## Task goal
Retype exactly the span of lines below from the one with "two beautiful asian women blushing her teeth" through the one with "A Marine wearing". Do not include pictures.

## Given records
____________

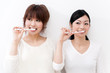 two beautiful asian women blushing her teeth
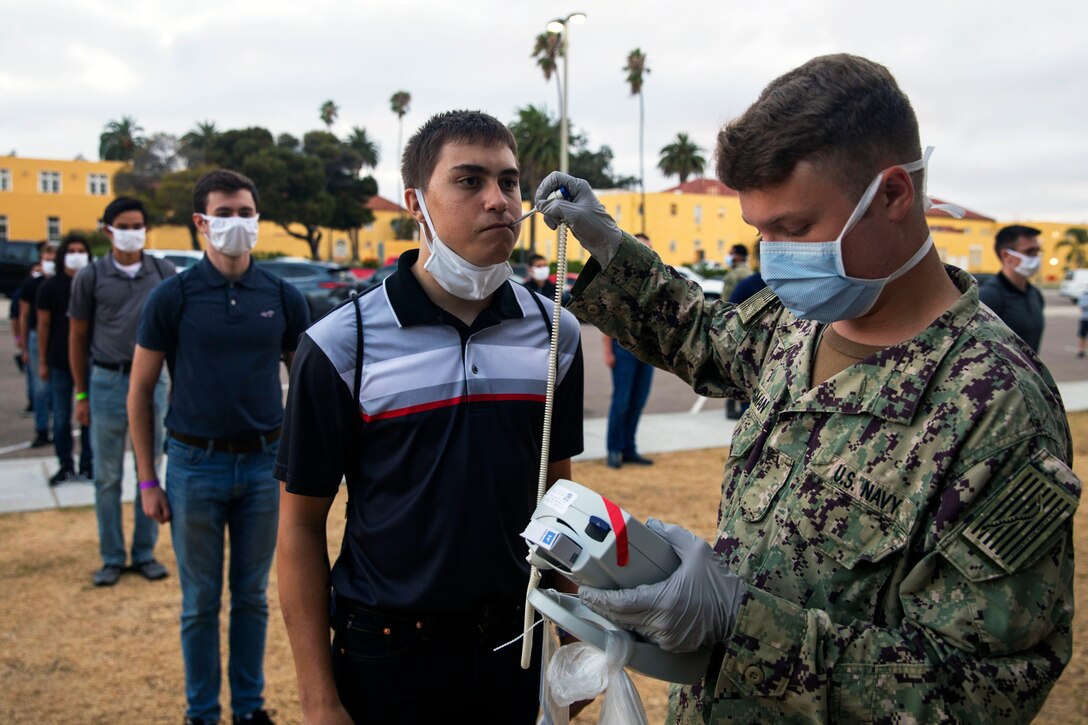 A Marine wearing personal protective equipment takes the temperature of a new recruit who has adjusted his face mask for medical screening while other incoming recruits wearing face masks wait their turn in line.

____________

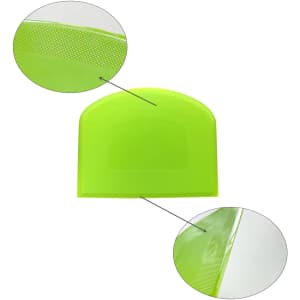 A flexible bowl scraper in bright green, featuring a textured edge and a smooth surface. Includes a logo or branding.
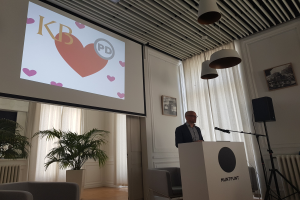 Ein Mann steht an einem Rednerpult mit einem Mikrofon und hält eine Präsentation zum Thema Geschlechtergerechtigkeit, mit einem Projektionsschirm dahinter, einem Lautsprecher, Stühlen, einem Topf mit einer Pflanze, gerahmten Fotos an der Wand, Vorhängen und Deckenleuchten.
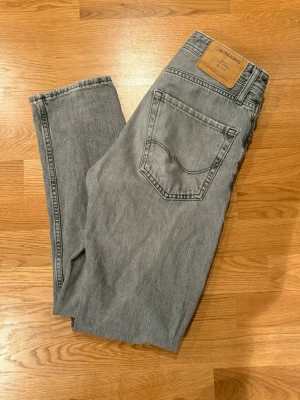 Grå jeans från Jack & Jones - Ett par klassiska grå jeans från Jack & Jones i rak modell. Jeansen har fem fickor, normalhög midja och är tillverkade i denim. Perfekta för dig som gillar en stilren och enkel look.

____________

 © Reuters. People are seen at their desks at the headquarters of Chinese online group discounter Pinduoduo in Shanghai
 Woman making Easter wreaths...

____________

## Written answer
 two beautiful asian women blushing her teeth
 A Marine wearing personal protective equipment takes the temperature of a new recruit who has adjusted his face mask for medical screening while other incoming recruits wearing face masks wait their turn in line.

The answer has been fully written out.